La situation a néanmoins radicalement changé quand l’Union soviétique et la Finlande sont entrées en guerre, en 1939. En tant qu’espion expérimenté, Sokolov a alors été invité à participer à la propagande. Il a donc visité les camps où des soldats soviétiques étaient retenus prisonniers, a incité les gens à rejoindre la lutte contre les bolcheviks, et a recruté des officiers destinés à encadrer l’espionnage en URSS.

Une dernière tentative

Cette guerre s’est cependant rapidement terminée, pour laisser la place à la Grande Guerre patriotique. Une fois encore, Piotr s’est rangé du côté des ennemis de l’URSS. Il a été placé à la tête du journal de propagande Severnoïé slovo (Le Mot du Nord), a participé à la propagande radiophonique et a recruté des prisonniers soviétiques. Piotr a ensuite rejoint les rangs de l’unité spéciale nazie Sonderkommando « Leningrad ».

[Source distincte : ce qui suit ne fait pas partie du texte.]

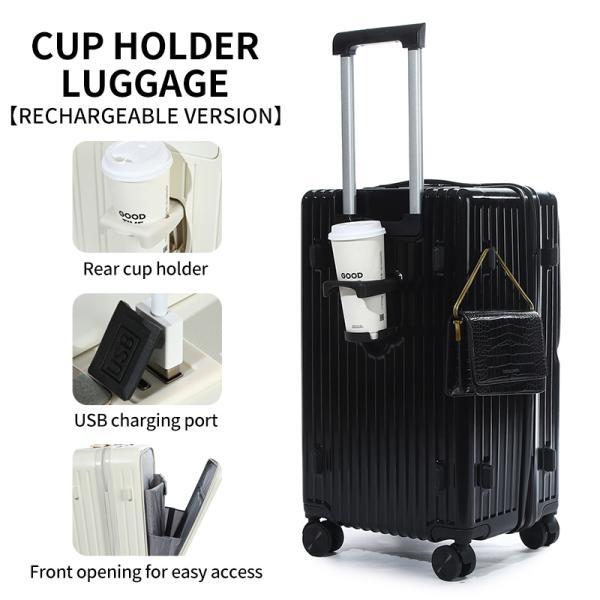 Front-Opening Pocket Laptop Suitcase with USB Power Port | Cabin Size (Black, 20-inch) | Suitcase Supplier Features Hidden Cup Holder | PC Hard-Shell Suitcase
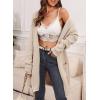 imageSidefeel Womens Winter Clothing Long Sleeve Open Front Contrast Cardigan Sweaters Oversized Chunky Knit Hooded Sweaters CoatApricot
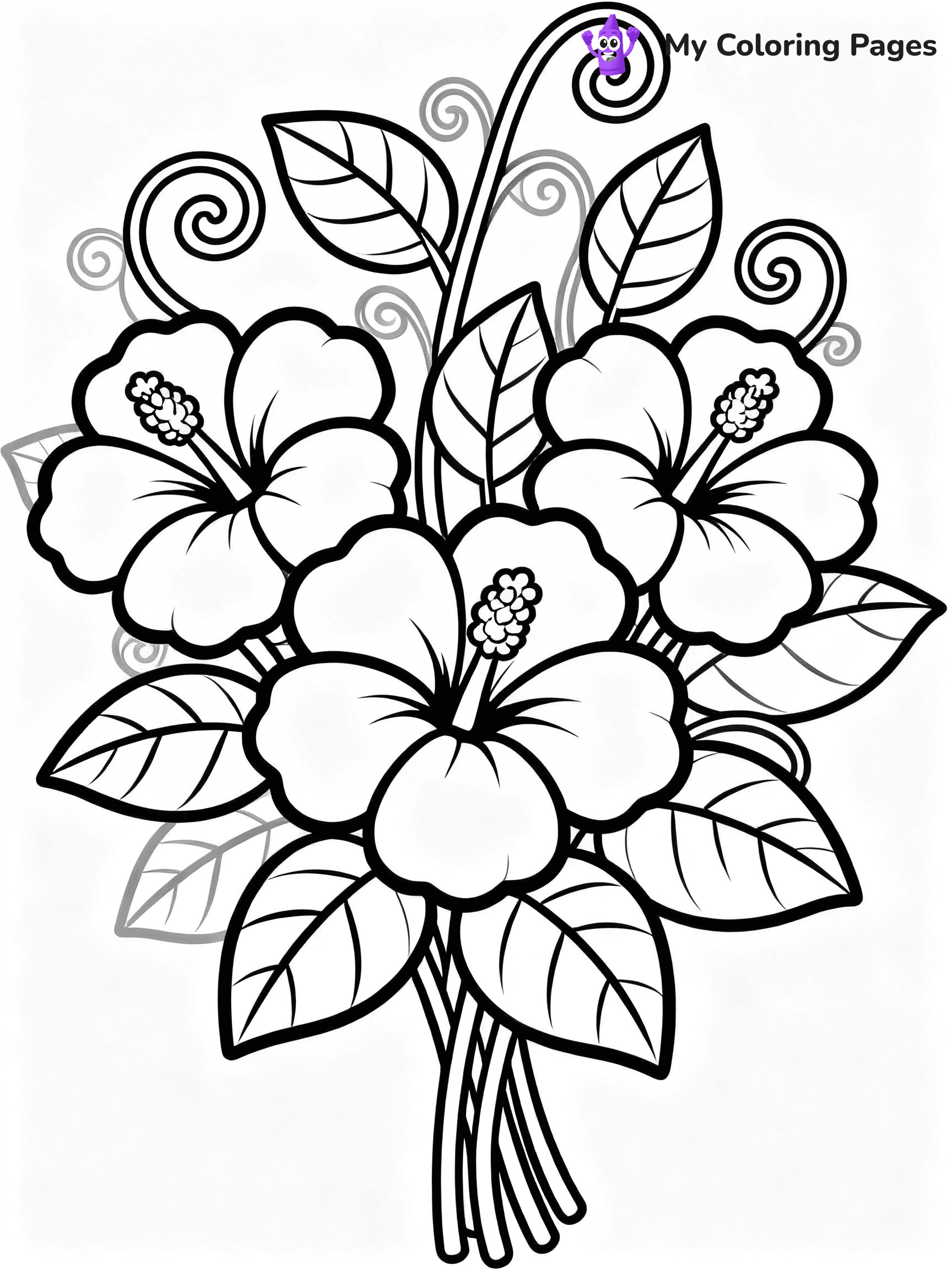 Hibiscus Coloring Pages - 37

Malgré les efforts des forces nazies, Saint-Pétersbourg ne s’est jamais rendue. Le cours de la guerre a ensuite changé, l’Union soviétique a pris l’avantage, la Finlande se préparait à sortir du conflit et il semblait que Sokolov n’était plus utile à personne. Piotr a rapidement compris que, ne bénéficiant plus d’aucune protection, les agents de la Tchéka chercheraient à obtenir leur revanche. Comme il était trop dangereux pour lui de rester en Finlande, il a abandonné sa femme et ses trois filles et s’est enfui en Suède.

Sokolov s’est installé à Enköping, a épousé une habitante et pris son nom de famille afin de mieux se cacher. Désormais connu sous le nom de Paul Saline, il a commencé à travailler en tant que masseur dans l’un des clubs sportifs de la ville. Toutefois, malgré toutes ses précautions, les agents de la Tchéka ont réussi à le retrouver. L’URSS a exigé que la Suède extrade le traître, mais a fait face à un refus. Comprenant qu’il était traqué, Sokolov a accepté son destin et n’a plus quitté la Suède jusqu’à la fin de sa vie. « Petia le cracheur » est décédé en 1971 à Stockholm, cette même ville où il avait, des dizaines d’années plus tôt, défendu les couleurs de l’Empire russe lors des Jeux olympiques.